Cada día despertamos con una noticia peor. Y aunque las de hoy son mejores que las que tendremos mañana, al final, lo superlativo es lo que nos vamos encontrando, incluso en lo pésimo. La proclamación de la Constitución Española del año 78, que dejaba atrás un panorama más que sombrío, sufre en estos días un continuo ataque desde las entrañas del propio Gobierno. Nada es casual. 

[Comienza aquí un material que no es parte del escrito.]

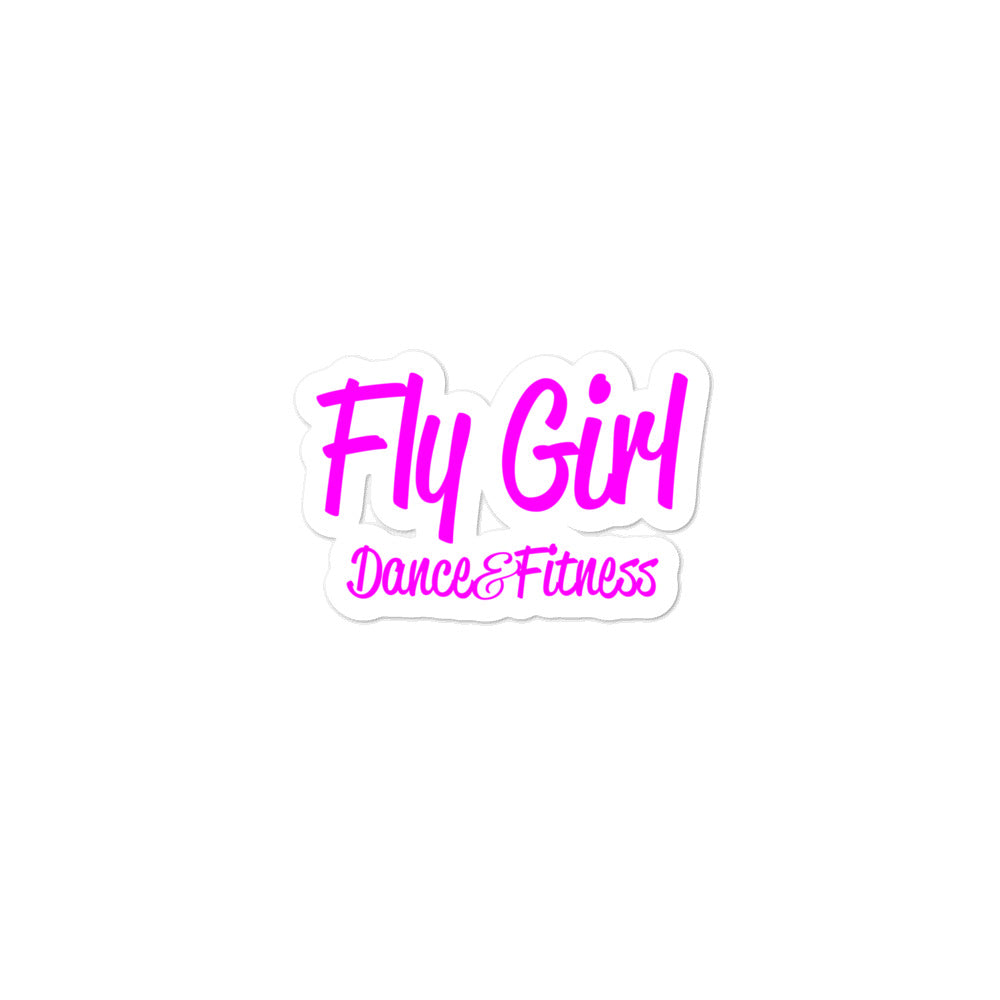 Fly Girl Bubble-free stickers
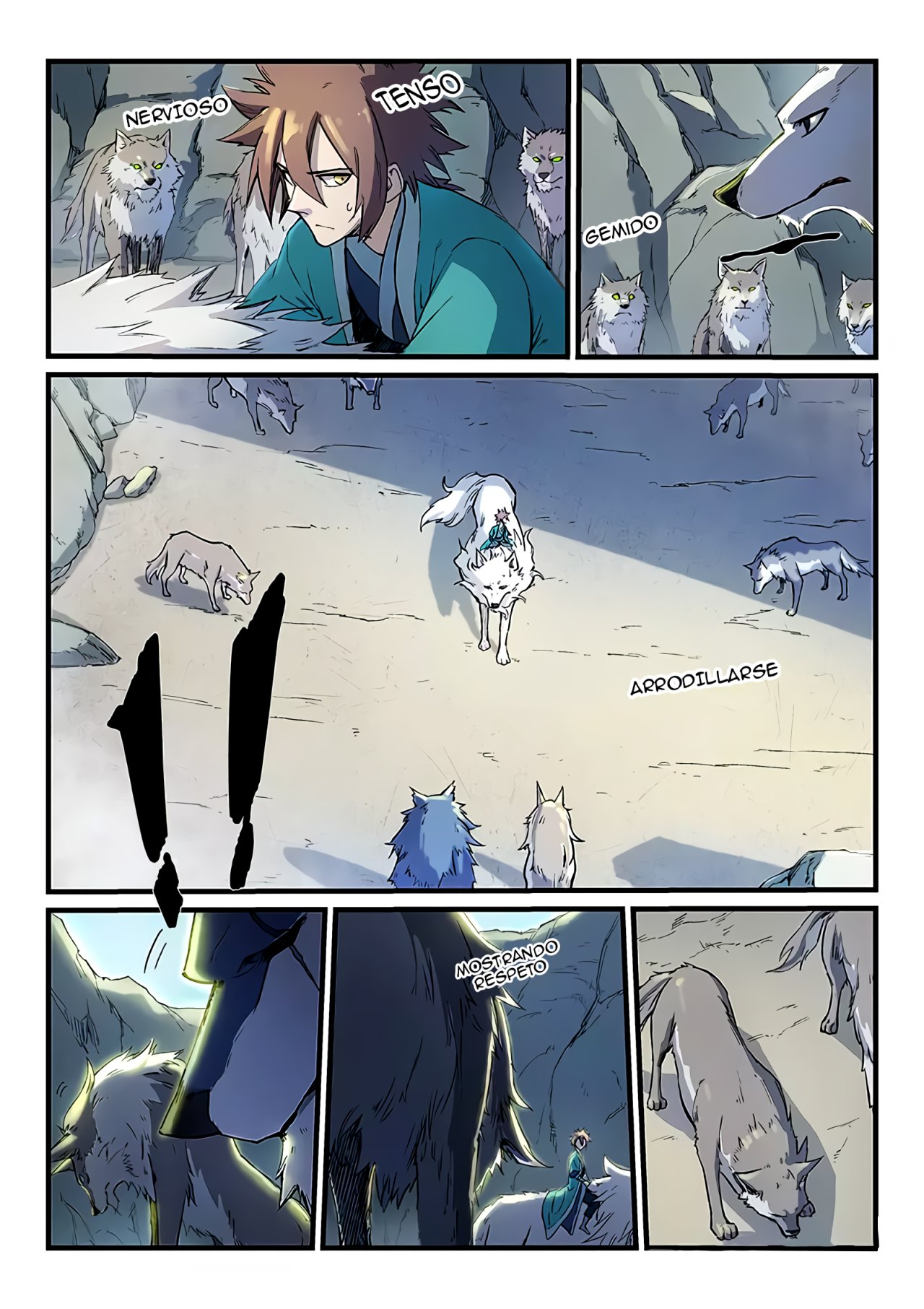 Star Martial God Technique Capítulo 253 - Página 10 en español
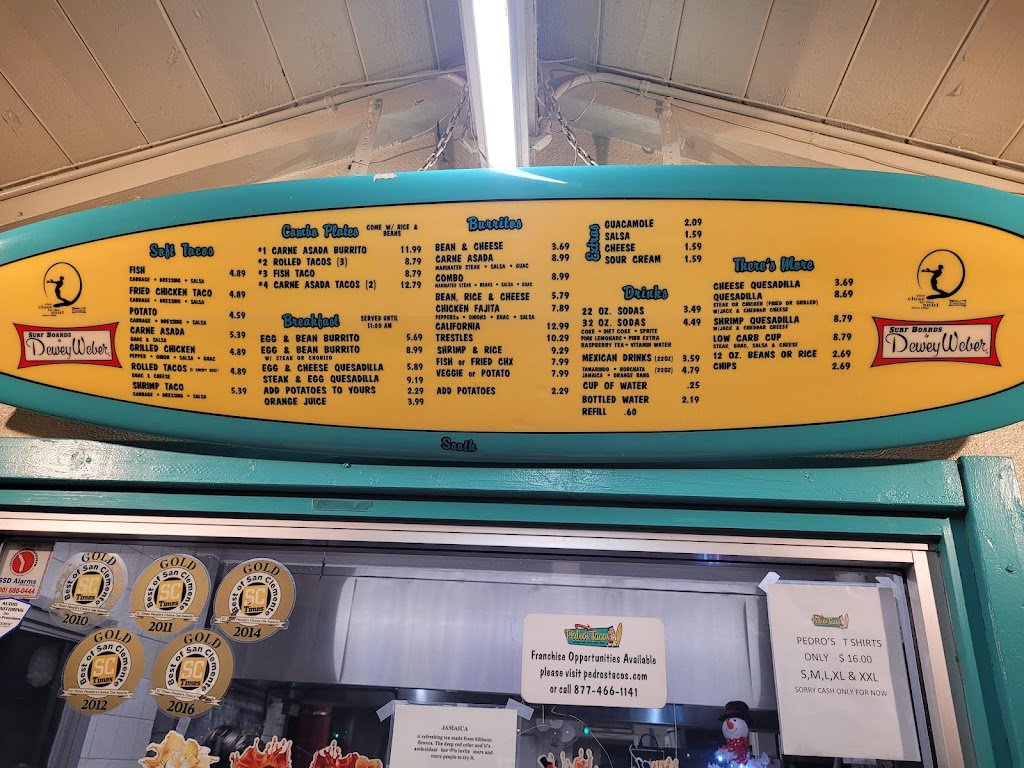 Pedros Tacos | 2313 S El Camino Real, San Clemente, CA 92672, USA | Phone: (949) 498-5904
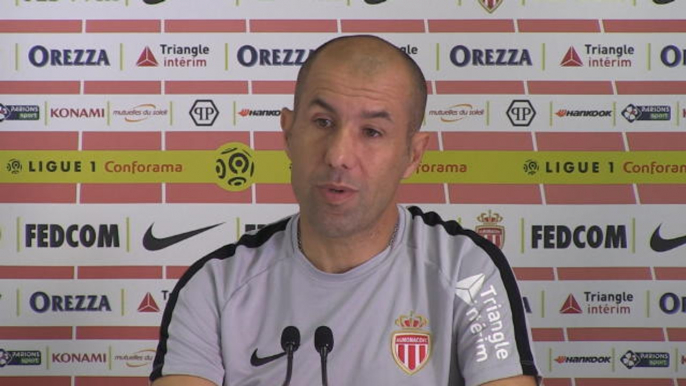 6e j. - Jardim : "Tielemans est le plus apte à enchainer les matches au milieu"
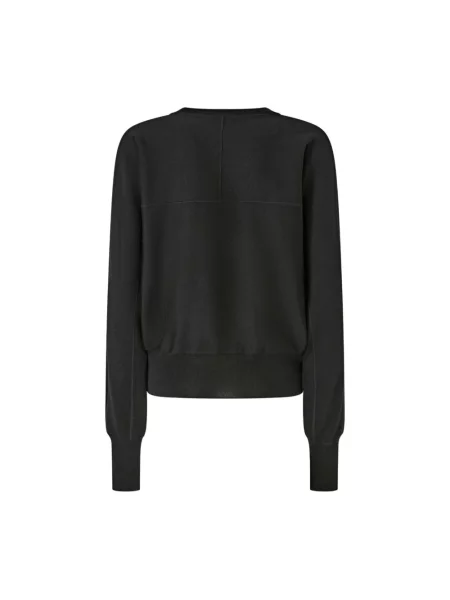 Sweter Pinko wełniany czarny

Uno de los grandes males que ha aquejado a este país es la corrupción. No podemos sentirnos orgulloso. Es un grave error pensar que la podredumbre se encuentra solo en las altas instancias, en las clases dirigentes o en las grandes empresas. La realidad es que se encuentra extendida entre todo tipo de personas y personajes de este país. Hoy, algunos andan dándose golpes en el pecho, señalando con el dedo las actuaciones del rey emérito. Personas que mientras rugen por el fin de la monarquía porque ha hecho uso y abuso de su posición para obtener un rédito personal, pagan en negro la reparación del calentador de agua de su casa, alquilan un apartamento bajo mano, cobran de un ERTE mientras la empresa les complementa el sueldo, o recuentan el dinero de las cajas B de sus partidos y esconden las verdaderas cloacas de este país. Gente que se hace cruces de la indignidad de quien fue el Rey mientras se blanquea y pacta con bandas terroristas, mientras se atenta a la legalidad y a vida común de los ciudadanos de este país. Nada es justificable. Ni lo del emérito, ni lo del vicepresidente tapando sus propias vergüenzas vociferando sobre inciertas huidas, ni lo del presidente de este Gobierno  pactando con quien hasta hace cuatro días le descerrajaban un tiro en la cabeza a ciudadanos de su partido, ni lo de la señora que tiene a la domestica trabajando sin papeles ni contrato. Nada lo es. La inmoralidad y la falta de decencia es el mal de España. Lo hemos permitido todo en aras a mantener a flote ideologías y principios del siglo XIX que casan mal con las necesidades de nuestro siglo. Los mimbres sobre los que nos sostenemos son endebles y cimbrean cada vez más. Estamos cruzando líneas peligrosas que una vez atravesadas ya no tienen vuelta atrás. 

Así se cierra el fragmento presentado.